If I want all of the digits up to and including the '4
' in the string '1234567890
' I do this:
{{#invoke:String|match|1234567890|%w*4|nomatch=no match}}
→ 1234
If I want the length of a string I do this:
{{#invoke:String|len|1234}}
→ 4
If I want to find the length of the matched string I do this:
{{#invoke:String|len|{{#invoke:String|match|1234567890|%w*4|nomatch=nomatch}} }}
→ 5
Isn't '5' the wrong result?
—Trappist the monk (talk) 14:32, 10 October 2013 (UTC)
- Try it without the space on the end. -- WOSlinker (talk) 18:19, 10 October 2013 (UTC)
{{#invoke:String|len|1234}}
→ 4{{#invoke:String|len|1234 }}
→ 5{{#invoke:String|len|{{#invoke:String|match|1234567890|%w*4|nomatch=nomatch}}}}
→ 4
- "O that he were here to write me down an idiot! But, masters, remember that I am an idiot; though it be not written down, yet forget not that I am an idiot." (apologies to Shakespeare's Dogberry).
- —Trappist the monk (talk) 18:52, 10 October 2013 (UTC)
Replace
Hello all, I ran into a problem and would appreciate any help. Trying to use this function to replace strings with [[
does not work, I guess because it tries to parse as a link. Example:
- Trying to transform two words separate by
-
into two wikilinks:
[[{{subst:#invoke:String|replace|Foo-bar|-|]] and [[}}]]

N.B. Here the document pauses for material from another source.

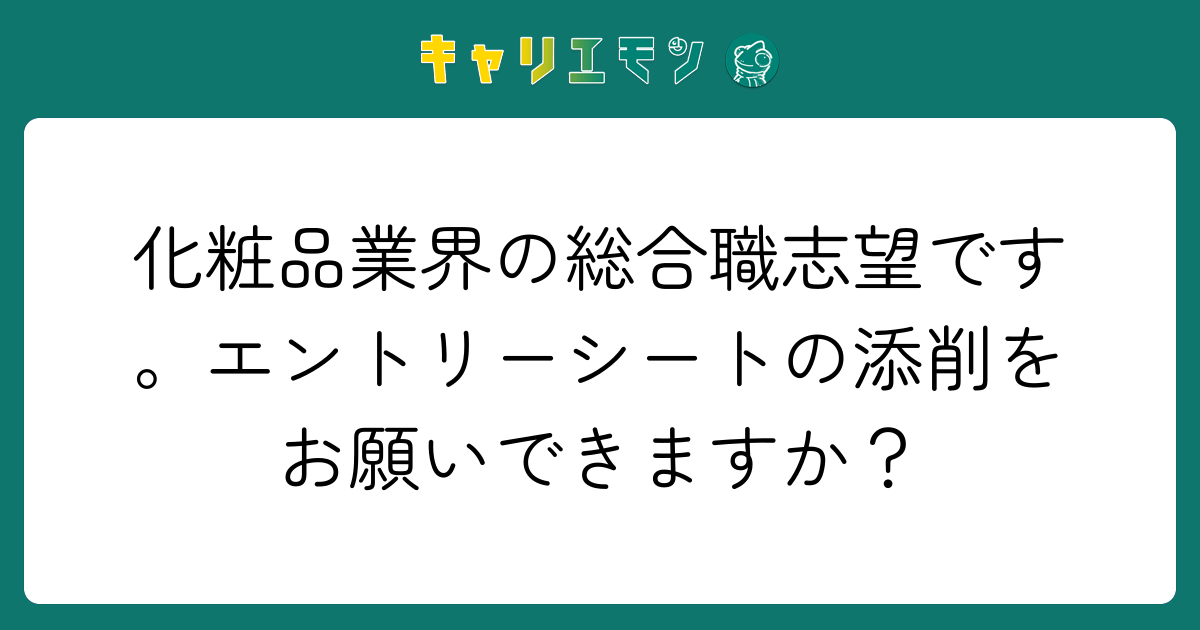 化粧品業界の総合職志望です。エントリーシートの添削をお願いできますか？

- As you can see, it does not work. Replacing with the HTML code
[
is not a option because it does not create wikilinks.
I understand one could "post-process" that output, like replacing [
with [
using {{Str rep}}
but that's too ugly :) Is there a way to circumvent that? I'm missing something? Cainamarques (talk) 14:00, 3 December 2013 (UTC)
- Your problem is that MediaWiki considers the brackets as well as the braces when trying to parse the wikitext, so it sees it as two potential links ("
[[{{subst:#invoke:String|replace|Foo-bar|-|]]
" and "[[}}]]
") rather than as one parser function call inside brackets that has more brackets in its arguments. There doesn't seem to be any easy way around this. Anomie⚔ 14:57, 3 December 2013 (UTC)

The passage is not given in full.